Jocelyn, always
a good student, passed through our system and went on to graduate
from Peruvian public school by 2011.
Her career
dream was to one day open he own restaurant. We offered to sponsor
her in an international trade school, (gifted to Peru by the European
Community), to studying catering management.
Again, she
performed well in both the classroom and on-the-job practising parts
of the course. In 2014 she completed the course and was given an
informal document stating that she had completed in the top ten
percent of the class, and that she was entitled to receive both
a diploma and a Catering Management Licence.
Jocelyn took
a job as assistant manager of a fast food franchisee, and she returned
regularly to the trade school administrative office for her diploma
and license.

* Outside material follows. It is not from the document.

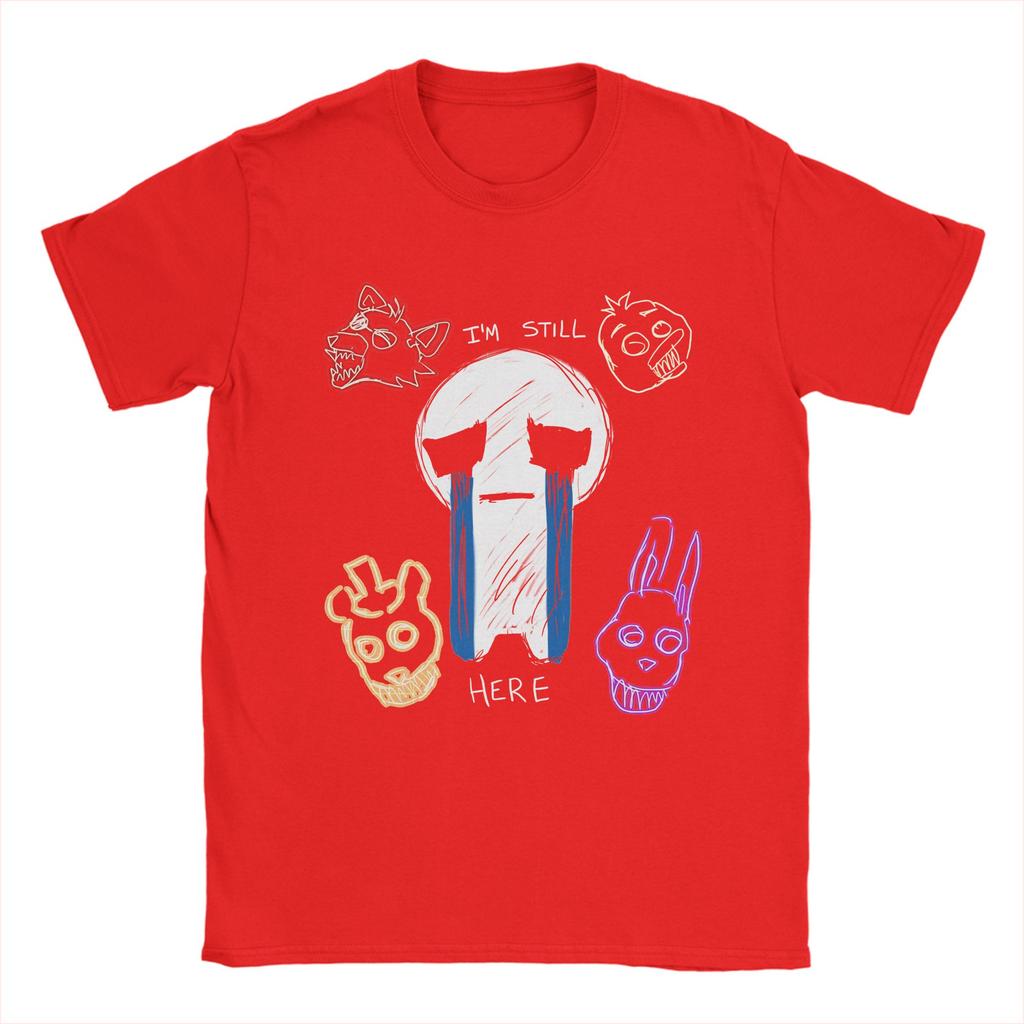 Vintage TShirt Summer Crying Child with pals Fashion TShirts FNAF At Freddys Pure Cotton Tshirt for Male Short Sleeve Top Tee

They always had a new reason why she would have to
return yet again, that "her documents were not yet ready".
After six months of trying on her own, she asked if we could help.
On her first
visit to the people she knew at the trade school, our project manager
quickly realised that Jocelyn's impediment was that she had failed
to offer a bribe, to make her documents materialise. The same now
would apply to our project director, only the required bribe just
got more expensive.
Our NGO has participated for decades in an international Transparency
campaign, TRANSPARENCY
TRUST, and we therefore could not offer the simple solution
that would produce poor Jocelyn's documents. Instead we attempted
to persuade the administrator, cajole her, go over her head to her
male supervisor - which proved anti productive. We considered the
possible merits of going to the press, the law, politicians. In
a thoroughly corrupt society - which, sadly, is the condition in
most developing countries - such actions could easily have backfired
and Jocelyn would never receive her diploma and licence.
Therefore, for
eighteen months we vouched for Jocelyn whenever she needed to present
her bona fides to her employer. At the same time we made of ourselves
a daily polite nuisance to the trade school administrator. Until
one day in July, 2016 Jocelyn was invited to come pick up her documents.
Charo, our project director, accompnied her.